Earlier Intervention in IDH-Mutant Glioma: Rethinking Treatment After Resection

Katherine B. Peters, MD, PhD, discusses how INDIGO (NCT04164901) findings may shift practice toward earlier treatment in IDH-mutant glioma, even after gross total resection, while highlighting ongoing questions around patient selection and long-term management.

The management of IDH-mutant diffuse glioma is increasingly moving beyond a reactive approach toward one focused on earlier intervention and long-term disease control. Although surgical resection remains a cornerstone of treatment, the persistence of microscopic disease and the risk of recurrence continue to challenge clinicians, particularly when balancing tumor control with preservation of neurologic function and quality of life.
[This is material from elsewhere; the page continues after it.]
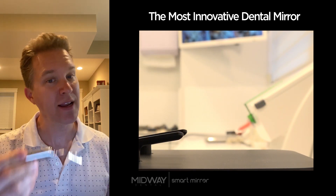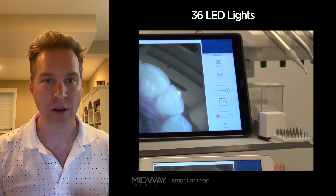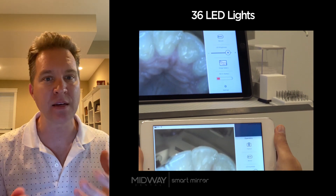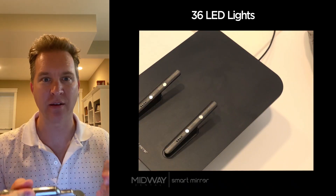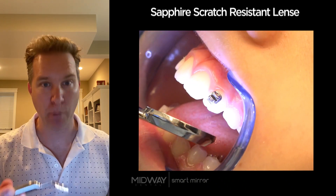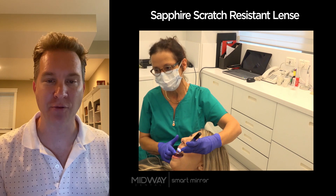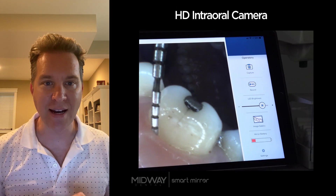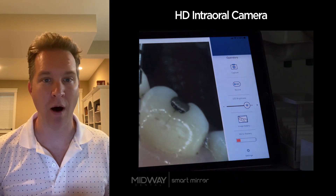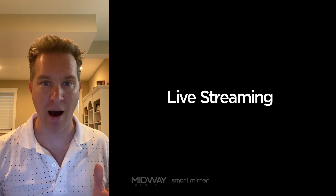The SmartMirror is a dental mirror with 36 LEDs that surround the mirror, flooding the oral cavity with light. The LEDs emit heat which warms the lens, preventing it from fogging — which is a nice perk. The lens itself is a sapphire lens, so it's highly scratch resistant, and in the center of the lens there's a pinhole HD intraoral camera. While the mirror is in your hand, it's always streaming live what's going on in the patient's mouth.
At the 2026 AAN Annual Meeting in Chicago, Katherine B. Peters, MD, PhD, neuro-oncologist at Duke Health and professor of neurology and neurosurgery at the Preston Robert Tisch Brain Tumor Center, spoke with NeurologyLive® about the evolving role of targeted therapy following findings from the phase 3 INDIGO trial (NCT04164901). Peters discussed how the FDA approval of vorasidenib has broadened its use beyond the trial population and how these data are beginning to influence real-world decision-making, particularly in the post-surgical setting. She also emphasized the importance of multidisciplinary care, including collaboration between neuro-oncology, epilepsy specialists, and general neurology.

In this episode, Peters explores how clinicians should think about initiating therapy earlier in the disease course, even after gross total or supramaximal resection. She highlights the inevitability of tumor regrowth, the potential benefits of early intervention for both tumor and seizure control, and key unanswered questions related to treatment in higher-grade disease, fertility considerations, and long-term management strategies.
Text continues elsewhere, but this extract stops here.